Anderson orthogonality theorem for anisotropic potential The  original paper by P.W. Anderson presents the infrared orthogonality catastrophe for the fermionic many-body system in the presence of local scattering potential, e.g. $V(r)=\delta(r)$. The derivation is quite straightforward: one needs to consider the Slater determinant of the free particle wavefunctions (in spherical coordinates):$$\psi=\gamma_{l}j_{l}(kr)Y_{lm}(\theta,\varphi)$$
and the scattered waves with the phaseshift $\delta(E)$ given by the scattering theory. Taking the overlap between them, one may see that it goes to zero with the increasing system size $N$.
What I am interested are absolutely the same derivations, but for the potential that has p-wave, d-wave,... components. It is kind of expected for the orthogonality catastrophe to remain in that case, but I wonder whether there are papers/lecture notes/textbook chapters on that topic. Since I struggled to find them myself I wonder if people have encountered something similar.
 A: Orthogonality catastrophe is quite well studied, and rather independent from the basis in which it is considered. The point is that the many-particle ground state without the potential (before the potential is turned on) is orthogonal to the ground state with the potential, which, e.g., means that the X-ray absorption cross-section should be zero (the potential is due to the hole left after light absorption), and has wide-reaching implications for the Kondo problem (here the change in the potential is due the flipping of an impurity spin). In most cases the problem is effectively reducible to a one-dimensional one, so anisotropy is not likely to change much - particularly, if approached from the renormalization group viewpoint.

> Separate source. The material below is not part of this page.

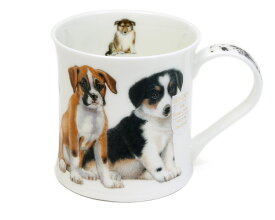 楽天市場 ダヌーン 犬の通販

Specific treatments for anisotropic potentials probably exist, but, the information is scattered among the texts on the many_body theory (e.g., Mahan treats it in the context of X-ray absorption), Kondo effect (Bickers review and Anderson's own papers), dephasing/decoherence (e.g., the paper by Aleiner, Wingreen and Meir) bosonization (Schotte&Schotte), etc. I give these not as the definitive references, but as directions to explore.
I think the materials on Kondo effect is where it is most likely to go beyond the s-wave approximation: d- and f-shells of impurities are routinely considered in this context, although this field has also developed many methods alternative to the orthogonality catastrophe approach.